2) Connections are everything. My friends who I had only known for a few minutes knew the bouncer and told him that we were roommates sophomore year and that we were best friends. Without knowing these "friends" and without them knowing the bouncer, I would be frantically searching for a replacement for my fake ID right now.
3) Fuck the law. Seriously though. I may not be 21 and technically can't get into bars, but I feel like I am mature and responsible enough to handle myself in one. I know that can't be said for all 20 year olds, but I personally am not using my ID to go to a bar and get shit-wasted drunk. I am not a liability. I don't even want to go into the drinking age right now; there is too much to say. But I will say this, other than my age (age ain't nothing but a number...thank you B2K), I think that I deserve to be able to go to a bar hassle-free.

So, in closing, I can continue frequenting my beloved bars thanks to my new homie, big black scary bouncer man. Love you.

Monday, April 28, 2008

Premiere

Never would I have thought that starting a blog would be so strenuous.

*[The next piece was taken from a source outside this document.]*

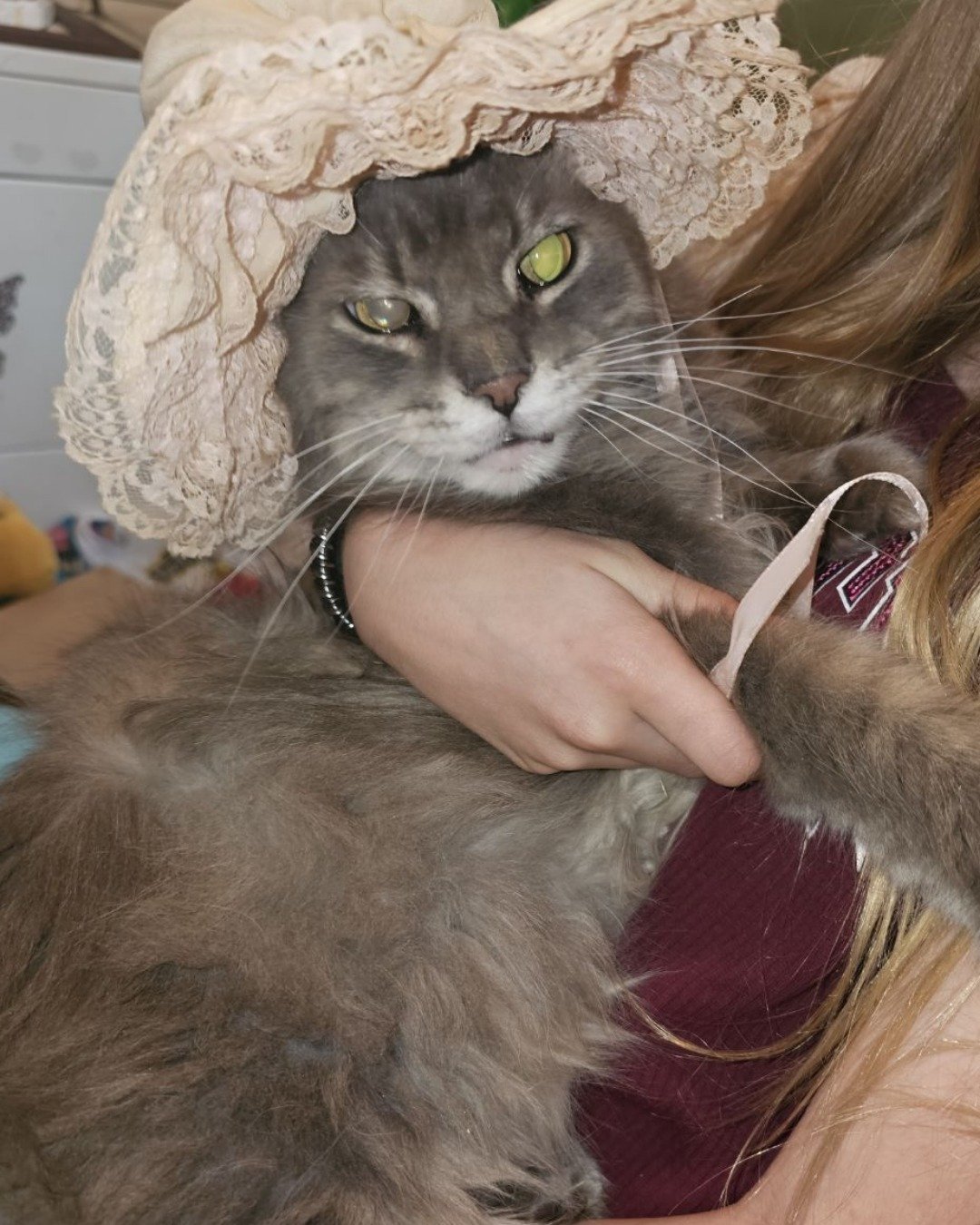 Ozzy. Clothing, Hat, Bonnet, Cat, Person
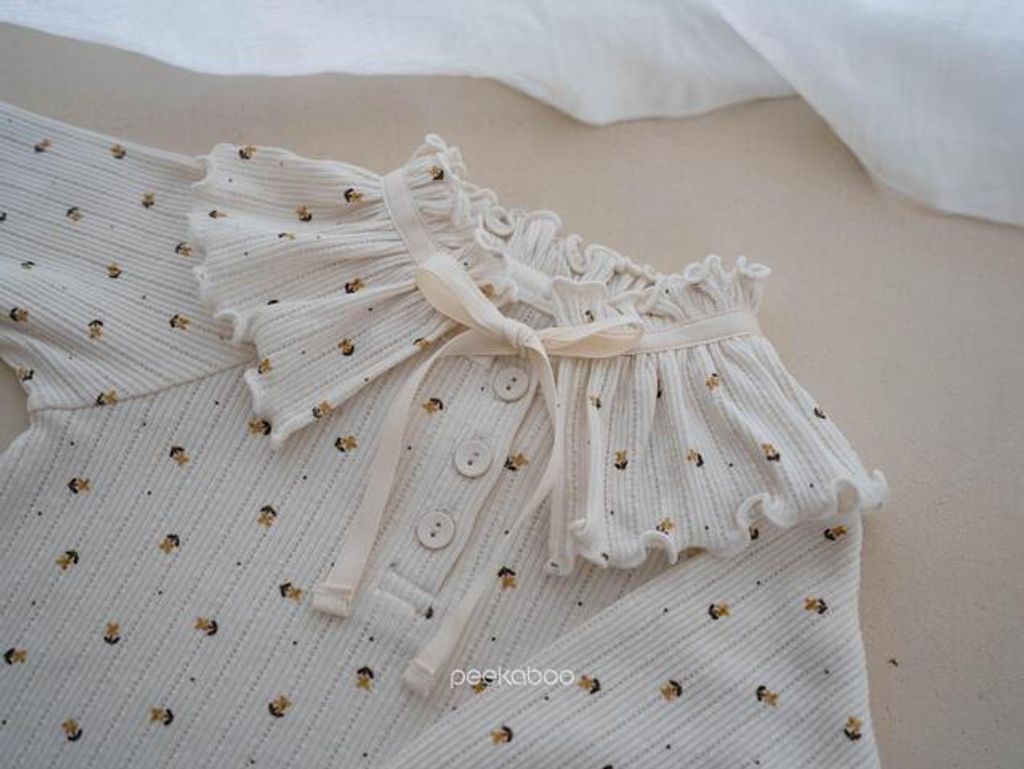 IMG_2557-1725527429949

Picking out a name, choosing the color scheme and font, and finding that perfect picture have consumed about 3 hours of the past day. I suppose when you're an aesthetic perfectionist and don't know french very well, it becomes much harder. But really though, your blog, like any other part of your life, is very telling of the type of person you are. Either that, or the person that you're trying to present yourself as.

Speaking of the type of person that you are, isn't it strange when you realize that you didn't turn out the way you thought you would? I mean, when I was 12 years old, I never imagined that I would be a semi-introverted pot-smoking art history student living in New York City. Not that I am at all unhappy with the way my life is turning out, but it makes me think of all of the decisions, events, and experiences that I have had to produce the present "me". But who knows what I'll be like in 10 years. Wait and see I guess.